If securities market regulation helped dig this hole, then might it also provide the needed tools to refill it? My analysis will suggest that it does, and that we should consider altering the regulatory landscape in two possible ways: either (1) the United States should begin to tax listed companies (regardless of residence) for their consumption of federal corporate governance law, granting allowances for U.S. corporate income taxes paid; and/or (2) federal law should cede corporate governance back to the states by rolling back the federal governance mandates of the last fifteen years. Which of these alternatives (or combination of them) is most attractive turns on several factors, including practical implementation constraints, the value (if any) created by recent federal governance mandates, and the difficulty of coordinating governmental actors at the state and federal level.

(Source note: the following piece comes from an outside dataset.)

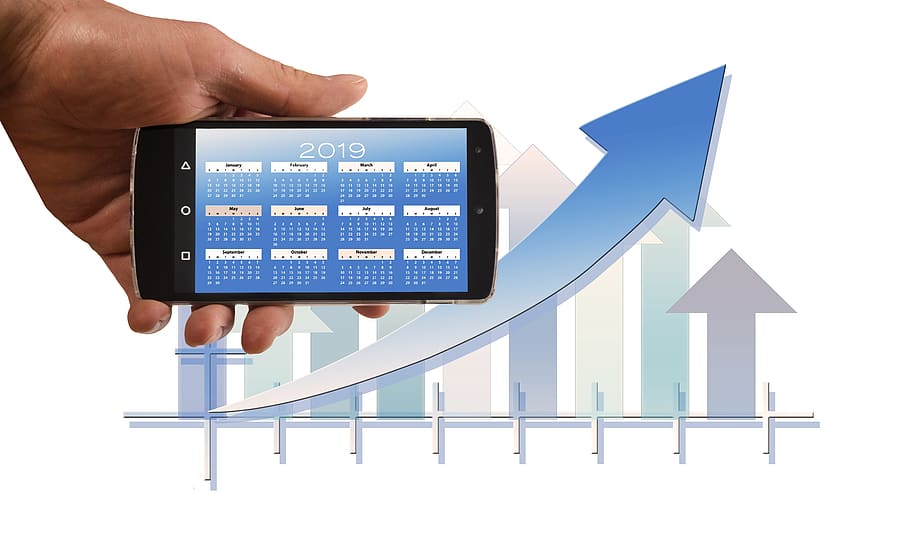 Smartphone, Calendar, Agenda, Arrows, 2019, Year, Startup, - Números Da Construção Civil No Brasil 2019 - HD Wallpaper 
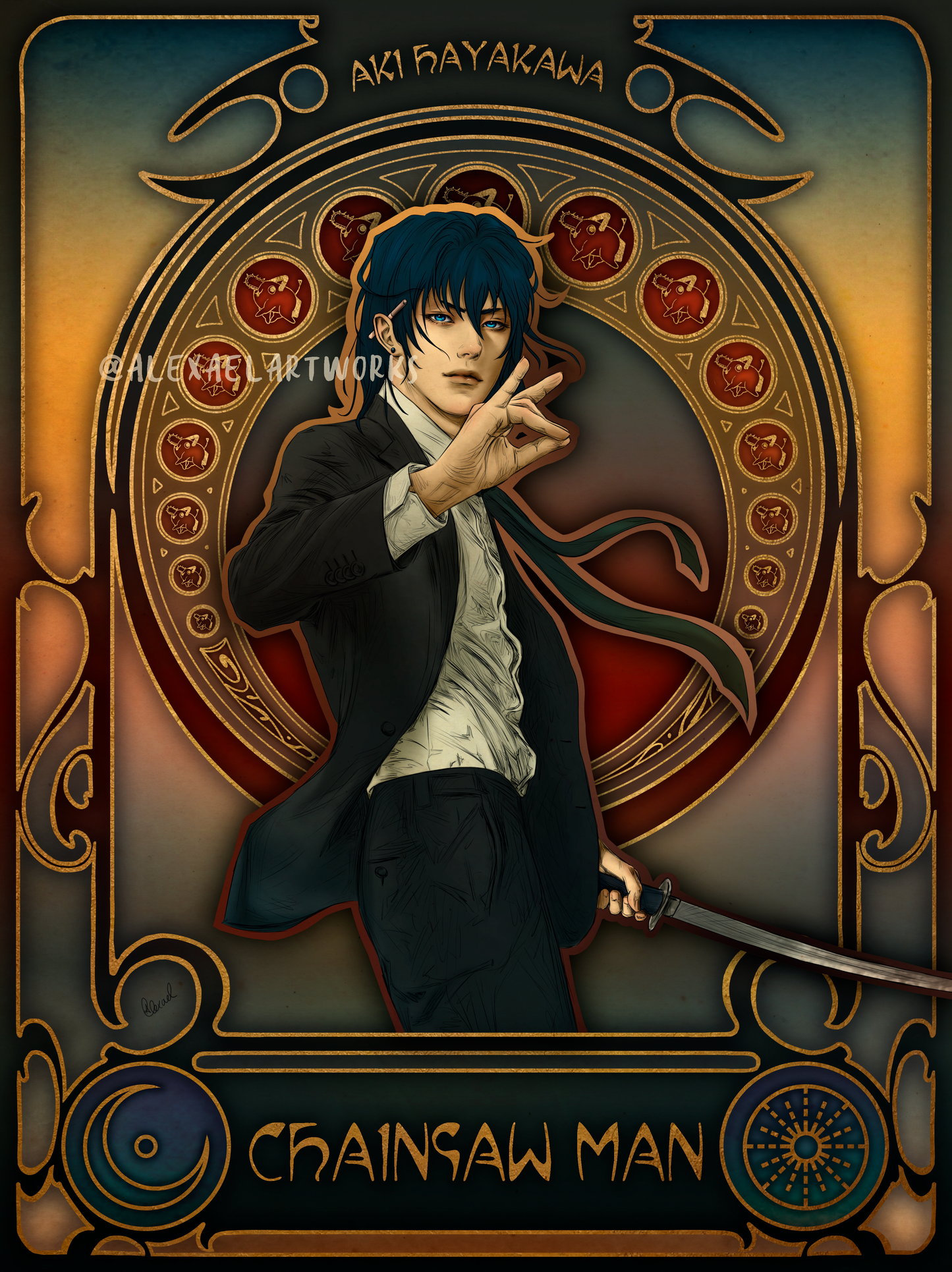 Aki in Art Nouveau style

Moreover, to the extent my unbundling hypothesis is valid, it suggests that tax reform responses to “inversionitis” must also anticipate downstream implications for corporate governance. Although some modest tax reforms may be warranted (for example, measured reductions in headline tax rates), the most radical tax reform proposals currently on the table (such as moving to a territorial system, or eliminating U.S. corporate income taxes altogether) are unlikely to help, and could well prove deleterious: Not only do such radical reforms seem likely to cost the U.S. Treasury sizable future tax revenues, but they respond to the unbundling phenomenon not by rebundling tax and governance, but rather by severing the link completely. A plausible long-term effect of such radical reform strategies is that the variety and quality of corporate governance regimes worldwide will atrophy—an outcome that is as undesirable for the global economy as it is for the United States.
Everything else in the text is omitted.